TASK OBJECTIVE: Include no pictures. Output exactly the lines from the one that contains "Meguiars Gold Class Paste Wax Meguiars" through the final line of the entries.

MATERIAL FOR THE TASK:
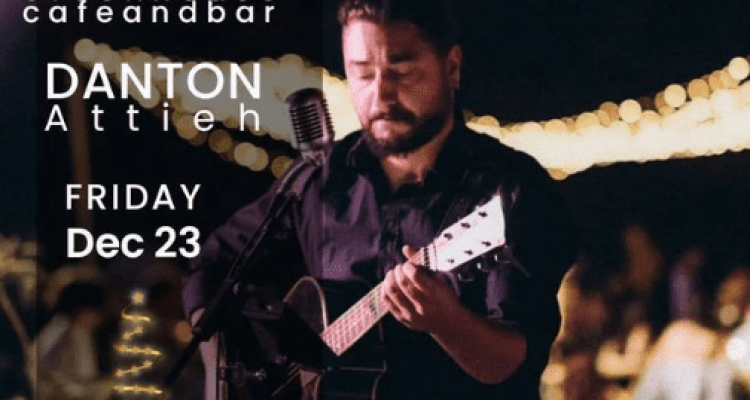 Danton Attieh at Green House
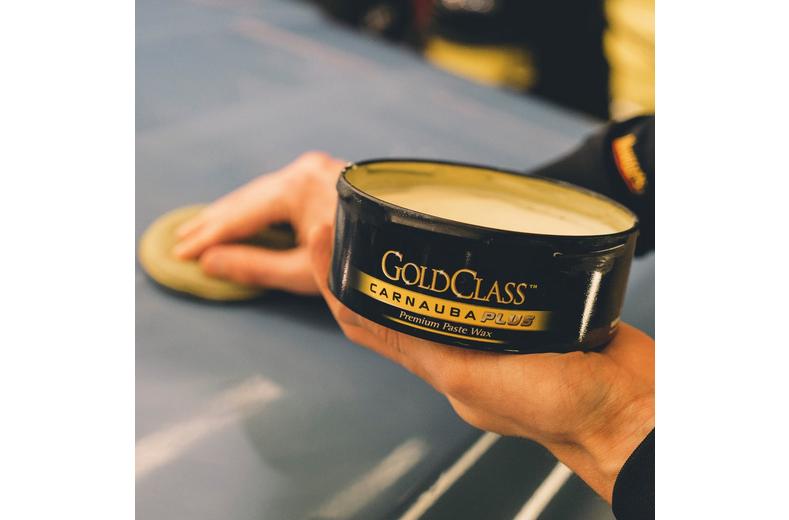 Meguiars Gold Class Paste Wax Meguiars Gold Class Paste Wax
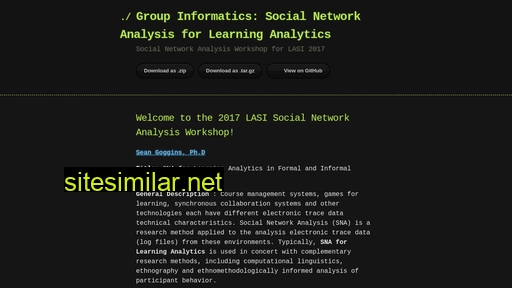 sociallycompute.io alternative sites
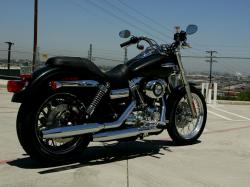 Harley-Davidson Dyna Super Glide Custom #13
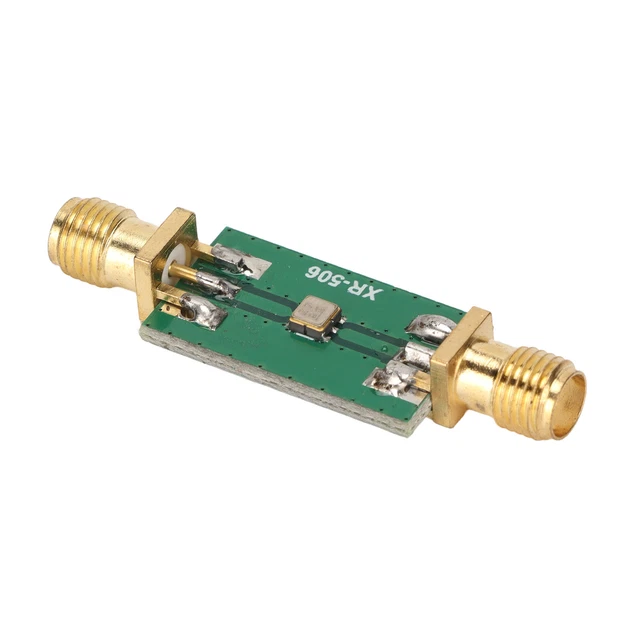 1207MHz Bandpass Filter Insertion Loss 1.7dB Unterdrückt 40dB Hohe Leistungs EM9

RESPONSE TO THIS EXERCISE:
 Meguiars Gold Class Paste Wax Meguiars Gold Class Paste Wax
 sociallycompute.io alternative sites
 Harley-Davidson Dyna Super Glide Custom #13
 1207MHz Bandpass Filter Insertion Loss 1.7dB Unterdrückt 40dB Hohe Leistungs EM9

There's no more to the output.